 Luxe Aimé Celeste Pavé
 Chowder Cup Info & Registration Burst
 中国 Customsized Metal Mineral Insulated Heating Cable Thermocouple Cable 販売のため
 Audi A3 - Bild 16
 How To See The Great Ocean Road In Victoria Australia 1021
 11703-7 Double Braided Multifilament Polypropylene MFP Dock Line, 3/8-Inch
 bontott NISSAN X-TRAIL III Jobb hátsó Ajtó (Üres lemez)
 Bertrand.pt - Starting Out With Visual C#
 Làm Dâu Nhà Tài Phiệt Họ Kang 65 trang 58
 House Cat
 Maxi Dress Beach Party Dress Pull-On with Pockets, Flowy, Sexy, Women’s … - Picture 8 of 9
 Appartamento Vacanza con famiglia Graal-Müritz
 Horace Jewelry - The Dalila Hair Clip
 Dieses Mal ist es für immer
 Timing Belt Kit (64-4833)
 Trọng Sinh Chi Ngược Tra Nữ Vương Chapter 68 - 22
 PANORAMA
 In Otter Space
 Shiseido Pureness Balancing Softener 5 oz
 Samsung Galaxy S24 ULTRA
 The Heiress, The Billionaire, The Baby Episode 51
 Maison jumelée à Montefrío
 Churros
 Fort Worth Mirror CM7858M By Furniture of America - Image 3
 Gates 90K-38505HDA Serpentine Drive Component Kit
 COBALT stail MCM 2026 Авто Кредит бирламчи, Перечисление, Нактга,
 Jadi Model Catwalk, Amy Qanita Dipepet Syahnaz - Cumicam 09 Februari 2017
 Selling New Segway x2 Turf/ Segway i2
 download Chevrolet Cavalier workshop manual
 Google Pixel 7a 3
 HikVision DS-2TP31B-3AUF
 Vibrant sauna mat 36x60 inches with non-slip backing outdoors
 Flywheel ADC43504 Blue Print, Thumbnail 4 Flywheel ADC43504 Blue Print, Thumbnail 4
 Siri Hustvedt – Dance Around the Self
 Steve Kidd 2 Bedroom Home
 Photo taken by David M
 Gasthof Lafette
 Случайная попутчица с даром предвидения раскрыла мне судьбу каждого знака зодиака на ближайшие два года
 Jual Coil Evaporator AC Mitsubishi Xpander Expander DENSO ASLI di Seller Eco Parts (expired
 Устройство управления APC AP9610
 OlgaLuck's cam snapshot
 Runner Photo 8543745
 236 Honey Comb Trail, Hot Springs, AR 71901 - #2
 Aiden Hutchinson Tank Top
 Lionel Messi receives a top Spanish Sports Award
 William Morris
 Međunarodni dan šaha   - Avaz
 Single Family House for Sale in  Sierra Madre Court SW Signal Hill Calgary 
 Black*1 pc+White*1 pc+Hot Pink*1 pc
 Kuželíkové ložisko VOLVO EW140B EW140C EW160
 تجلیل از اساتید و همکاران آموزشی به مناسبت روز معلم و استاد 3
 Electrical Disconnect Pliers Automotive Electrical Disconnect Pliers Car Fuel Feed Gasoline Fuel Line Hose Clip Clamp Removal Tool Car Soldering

········

With the line that has "Selling New Segway x2 Turf/ Segway i2" as the first and the line that has "Gasthof Lafette" as the last, repeat exactly that run of lines above and no more.

◆ **EXERCISE RESPONSE**:
 Selling New Segway x2 Turf/ Segway i2
 download Chevrolet Cavalier workshop manual
 Google Pixel 7a 3
 HikVision DS-2TP31B-3AUF
 Vibrant sauna mat 36x60 inches with non-slip backing outdoors
 Flywheel ADC43504 Blue Print, Thumbnail 4 Flywheel ADC43504 Blue Print, Thumbnail 4
 Siri Hustvedt – Dance Around the Self
 Steve Kidd 2 Bedroom Home
 Photo taken by David M
 Gasthof Lafette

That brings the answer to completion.